Jika dampaknya berupa respon yang menguntungkan sesuai rencana, ini yang menjadi harapan kita semua. Namun apabila berdampak negatif seperti timbul penyakit baru akibat obat-obatan, dan/atau residu obat hewan dan pencemaran habitat hewan, ini akan merugikan bagi kehidupan manusia. Sebagai jalan keluar dari permasalahan ini, sudah saatnya kita mengubah orientasi strategi pengelolaan ke arah yang logis dan bertanggung jawab.

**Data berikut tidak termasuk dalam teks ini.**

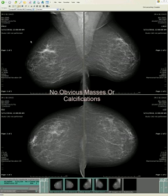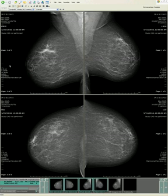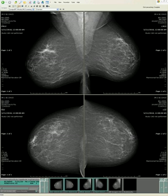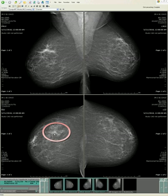We don't see an obvious mass. We don't even see any obvious calcifications. But as we do our diligent search, looking for asymmetry, we see that the fatty tissue is pretty symmetrical, especially in the medial sides on the CC view. But what about the lateral sides? There's nothing like this on the other side. So this gets our attention.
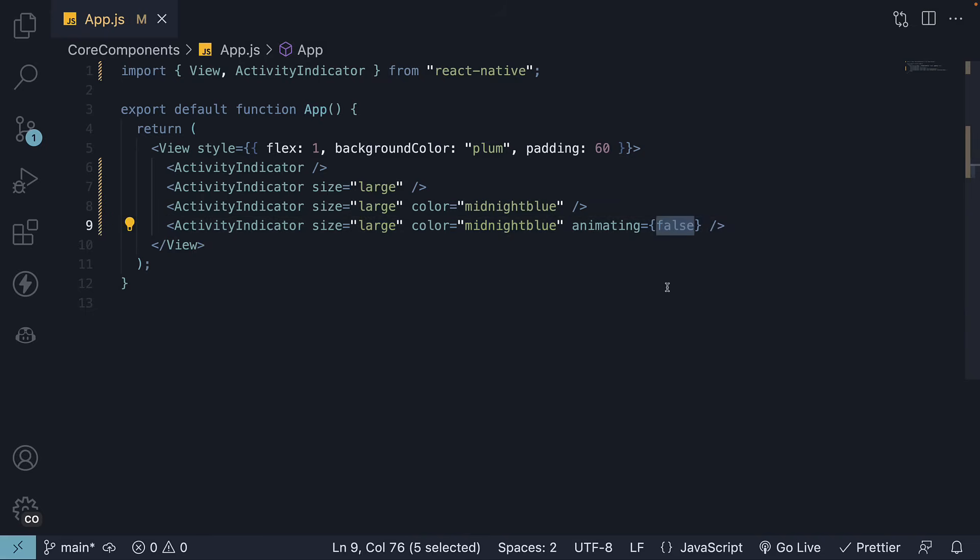Keep in mind that the recommended approach is to use a state variable for this prop. If you have completed the exercise from the previous video on showing and hiding the status bar, you can use the same variable to show or hide the loading indicator. Let me know in the comment section if that worked for you.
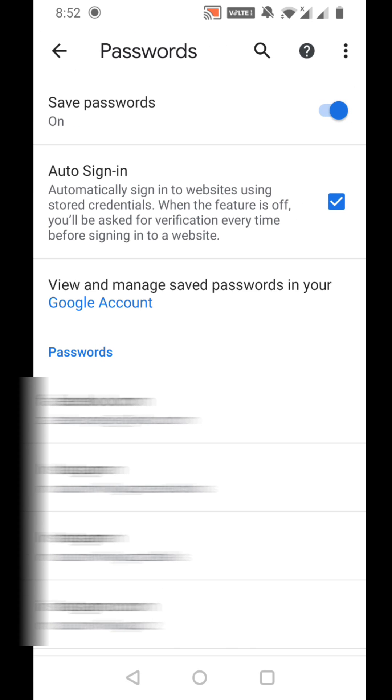So that's how you do it. That's how you can easily remove Instagram or Facebook accounts that you saved with Google Smart Lock. Hope that helps you guys, and see you on the next video.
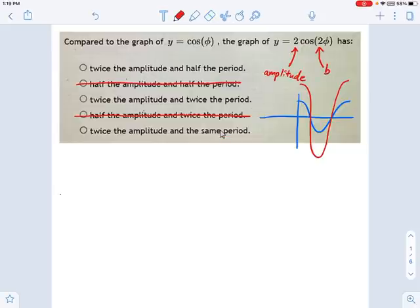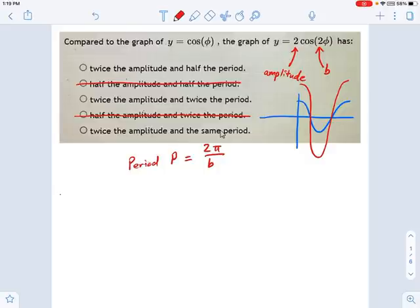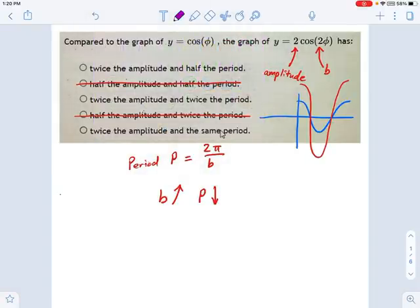This other number right here — that other 2 — that's b. And b refers to a horizontal scaling factor, and it's related to the period in this way: the period p equals 2π divided by b. So if b goes up and becomes a bigger number, that means p will go down — they're reciprocals. If b goes up by a factor of 2, let's say b is 2, it's going to be 2π divided by 2. The 2's cancel out and I just get π. P went down by a factor of 2 — in other words, it got cut in half. So that tells me it's this answer right here.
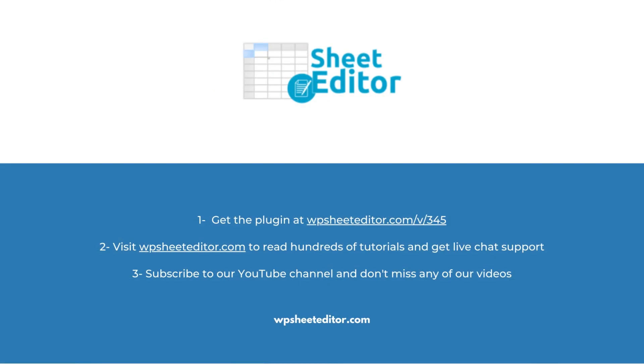Remember that in the video description you will find the links to download the plugin and to see our written guide. We have live chat support and a blog with hundreds of tutorials if you need help. Subscribe to our YouTube channel for more video tutorials.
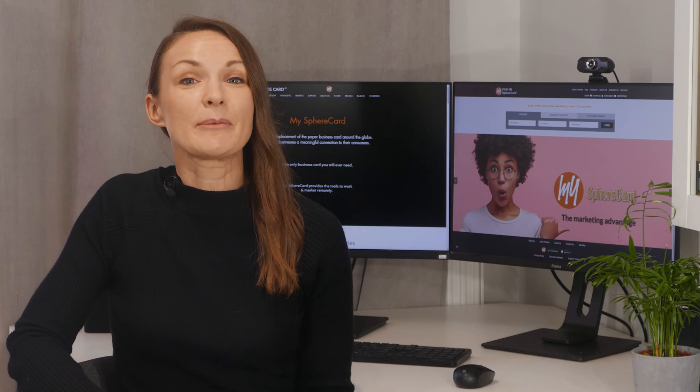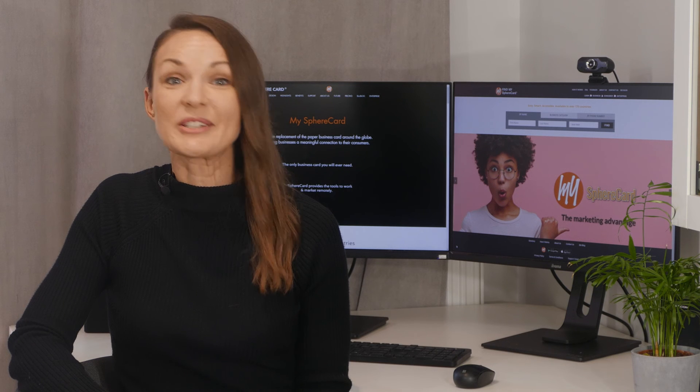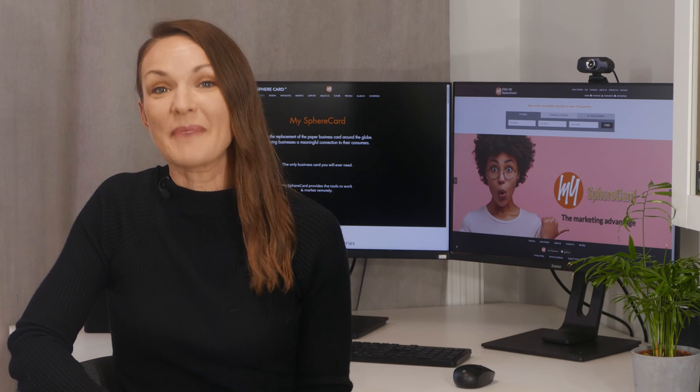Visit www.myspherecard.com to learn about the many benefits.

Beberapa tanaman herbal untuk obat hewan
(1) daun serai dapur dimanfaatkan untuk antelmintik (obat cacing) unggas; (2) rimpang jahe untuk antibakterial dan fitobiotik pada unggas serta pengobatan luka pada tikus; (3) rimpang lengkuas sebagai antibakterial dan fitobiotik pada unggas serta antifungal untuk anjing; (4) daun sambiloto sebagai antibakterial dan imunomodulator untuk unggas serta antibakterial untuk sapi, juga untuk hepatoprotektor (melindungi hati) tikus; (5) rimpang temulawak sebagai antelmintik untuk kambing dan hepatoprotektor unggas; (6) rimpang kencur membantu peningkatan berat badan sapi; (7) buah cabe jawa untuk meningkatkan libido tikus; (8) rempah kumis kucing sebagai antiinflamasi dan diuretik pada sapi; (9) umbi bawang putih membantu peningkatan berat badan unggas dan antibakterial sapi; (10) biji buah pepaya untuk antelmintik unggas; (11) daun tapak dara untuk pengobatan luka pada tikus; (12) daun rosela untuk immunostimulan tikus; (13) buah mengkudu untuk meningkatkan respon imun humoral dan seluler; (14) buah asam jawa untuk meningkatkan fagositik, penghambatan proliferasi sel dan penghambatan migrasi leukosit; (15) batang brotowali untuk merangsang aktivasi makrofag dan meningkatkan fagositosis.
Bentuk sediaan obat hewan herbal
Pertimbangan dalam pembuatan bentuk sediaan pada hewan, mempunyai beberapa prinsip farmasi yang sama. Faktor yang sama memengaruhi proses pengembangan bentuk sediaan dan pertimbangan pengendalian mutu obat. Faktor-faktor ini meliputi: (1) Sifat fisika, kimia, dan farmasi senyawa aktif; (2) Tujuan penggunaan bentuk sediaan; (3) Formulasi mencakup senyawa aktif dan bahan tambahan obat yang dilakukan oleh ahli farmakologi atau ahli klinis; dan (4) Cara pembuatan berdasarkan karakteristik obat dan bentuk sediaan yang diinginkan.
Prinsip farmasi menekankan perspektif desain sistem penghantaran dan formulasi obat serta variabel manufaktur yang memengaruhi kinerja produk in vivo dan in vitro, dan pemahaman dalam memastikan bentuk sediaan obat efektif, aman, dan stabil.
Kesimpulan
Kemajuan obat herbal untuk hewan akan menjadi solusi baru untuk mengatasi tantangan resistensi antibiotik untuk meningkatkan hasil produksi dan reproduksi ternak secara berkelanjutan. Dalam beberapa kasus, obat herbal untuk hewan juga dapat meningkatkan profitabilitas produksi daging dan memenuhi kriteria keamanan terkait residu obat hewan.
Kedokteran hewan berperan dalam meningkatkan status kesehatan hewan akan berdampak pada kesejahteraan manusia. Untuk mengembangkan sediaan obat tradisional diperlukan ilmu kefarmasian terkini, agar dapat membuat sediaan obat herbal untuk hewan yang efektif dan efisien.
Pengembangan obat herbal untuk hewan memerlukan pertimbangan bijak dalam melakukan penerapan ilmu kedokteran hewan mutakhir. Untuk mendukung kemajuan dan pengembangan aplikasi obat herbal hewan diperlukan upaya kerjasama pemerintah, peneliti, dan dunia usaha.
SUMBER:
Pudnjiatmoko. Peluang Pengembangan Obat Herbal untuk Hewan di Indonesia PanganNews. 25 Desember 2024.